Nell’annotazione conclusiva, quello che ne I fiori del male era evocato come «Ipocrita lettore, – mio simile – fratello» (“Al lettore”), diviene un interlocutore privilegiato, l’unico in grado di comprendere il poeta che, parafrasando la Bibbia, spera di riscattarsi grazie al suo amore per lui (o per lei):
«Se avessi voluto dimostrare che tutto va per il meglio nel migliore dei mondi possibili, il lettore avrebbe il diritto di dirmi, come alla scimmia di genio: «Sei un malvagio!». Ma io ho voluto provare che tutto va per il meglio nel peggiore dei mondi possibili. Molto, dunque, mi sarà perdonato, perché ho molto amato… il mio lettore… o la mia lettrice.»

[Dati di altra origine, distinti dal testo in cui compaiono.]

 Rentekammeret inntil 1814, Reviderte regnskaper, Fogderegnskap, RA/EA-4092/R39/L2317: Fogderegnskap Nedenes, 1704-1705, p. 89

La traduzione, del 1944, accurata e tuttora apprezzabile per la scorrevolezza e la modernità delle scelte lessicali, è di Decio Cinti (Forlì, 1879 – Firenze, 1954), del quale è possibile leggere una nota biografica, a cura di Paolo Alberti, nella pagina a lui dedicata.
Sinossi a cura di Mariella Laurenti
Dall’incipit del libro:
Razzi. – Anche se Dio non esistesse, la religione sarebbe pur sempre santa e divina.
Dio è il solo essere che per regnare non abbia nemmeno bisogno di esistere.
Ciò che è creato dallo spirito è piú vivo della materia.
L’amore è il gusto della prostituzione. Non c’è anzi alcun piacere nobile che non si possa ricondurre alla prostituzione.
In uno spettacolo, in una festa da ballo, ciascuno gode di tutti.
Che cos’è l’arte? Prostituzione.
Il piacere di trovarsi tra le folle è un’espressione misteriosa del godimento della moltiplicazione del numero.
Tutto è numero. Il numero è in tutto. Il numero è nell’individuo. L’ebbrezza è un numero.
Il gusto della concentrazione produttiva deve sostituire, in un uomo maturo, il gusto della dispersione.
L’amore può derivare da un sentimento generoso: il gusto della prostituzione; ma presto è corrotto dal gusto della proprietà.